··· Material for this task ···
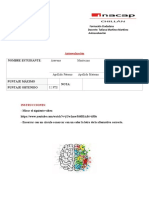 Evaluación Neurociencia Del Cambio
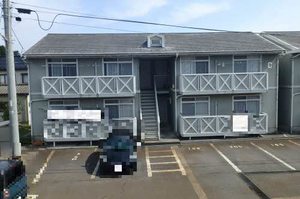 ゆうハイム C206号-1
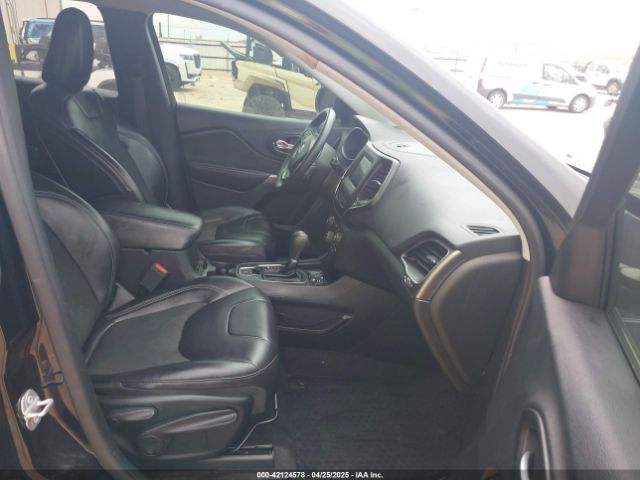 2019 JEEP CHEROKEE 1C4PJLLBXKD280354 Photo 4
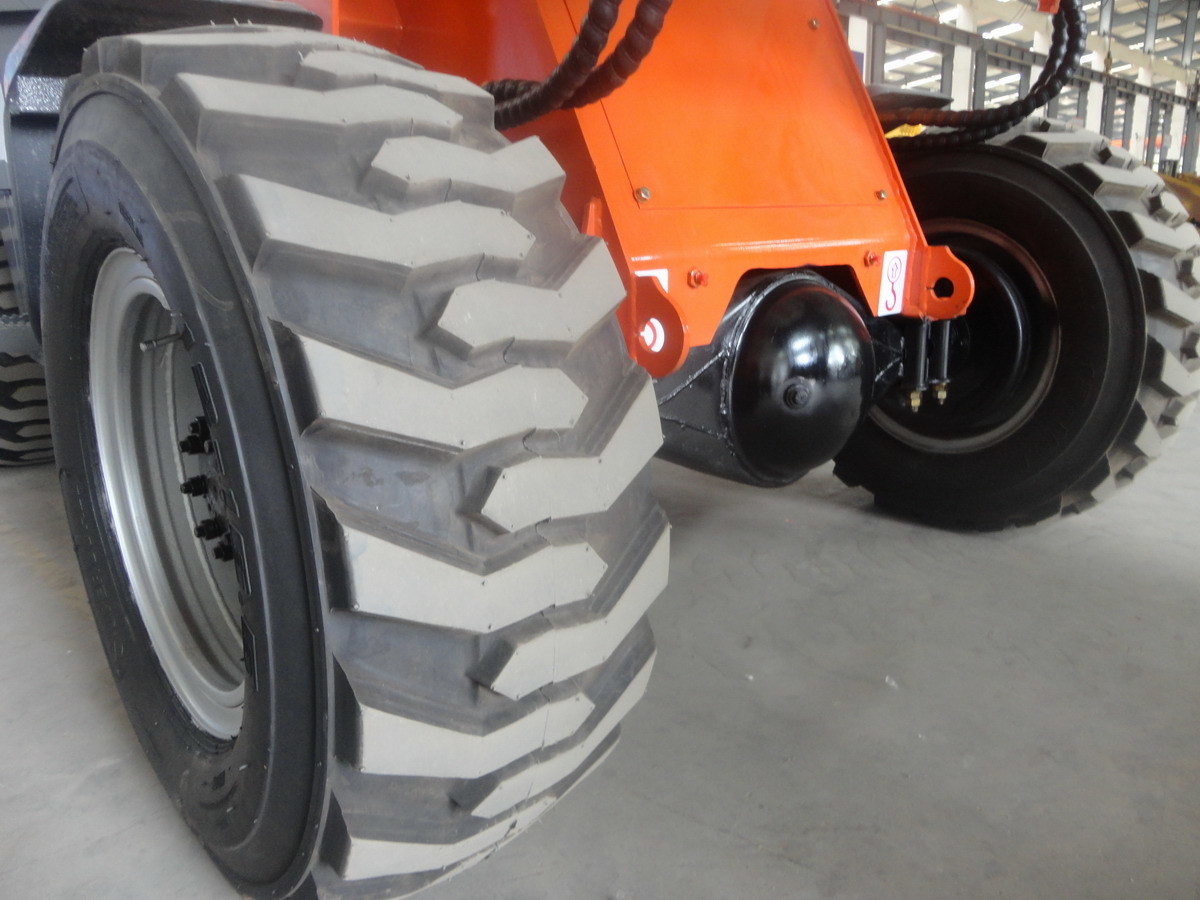 QINGDAO PROMISING China Wheel Loader Tire 12-16.5-12PR - Tire for Wheel loader: picture 4 QINGDAO PROMISING China Wheel Loader Tire 12-16.5-12PR - Tire for Wheel loader: picture 4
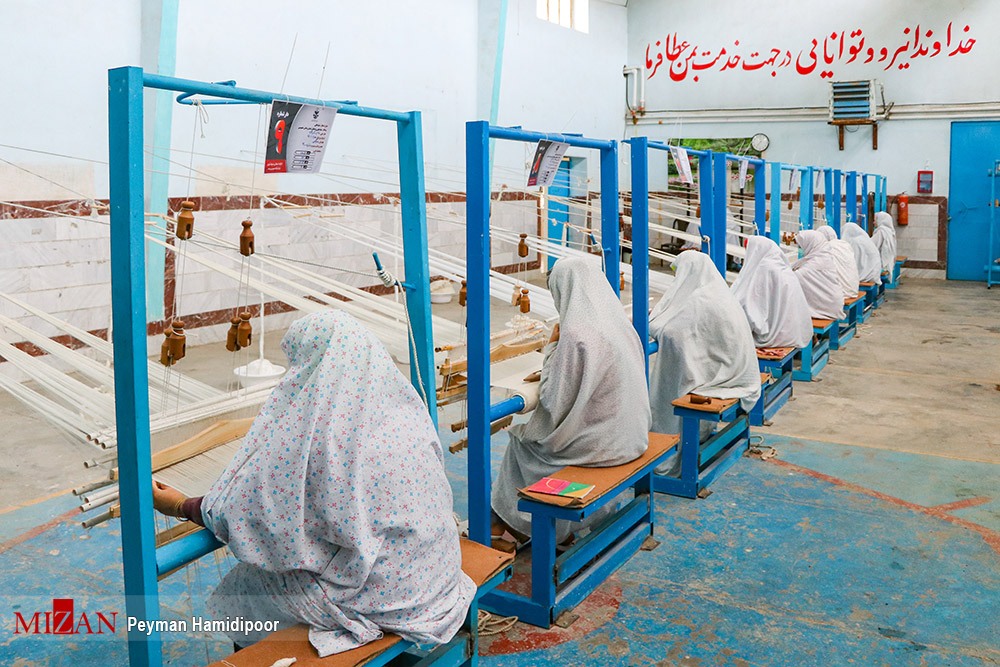 مدیر عامل بنیاد تعاون زندانیان مدیر عامل بنیاد تعاون زندانیان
···
Exercise goal:
Print each record exactly as it stands, skipping the pictures.

Completed task:
 Evaluación Neurociencia Del Cambio
 ゆうハイム C206号-1
 2019 JEEP CHEROKEE 1C4PJLLBXKD280354 Photo 4
 QINGDAO PROMISING China Wheel Loader Tire 12-16.5-12PR - Tire for Wheel loader: picture 4 QINGDAO PROMISING China Wheel Loader Tire 12-16.5-12PR - Tire for Wheel loader: picture 4
 مدیر عامل بنیاد تعاون زندانیان مدیر عامل بنیاد تعاون زندانیان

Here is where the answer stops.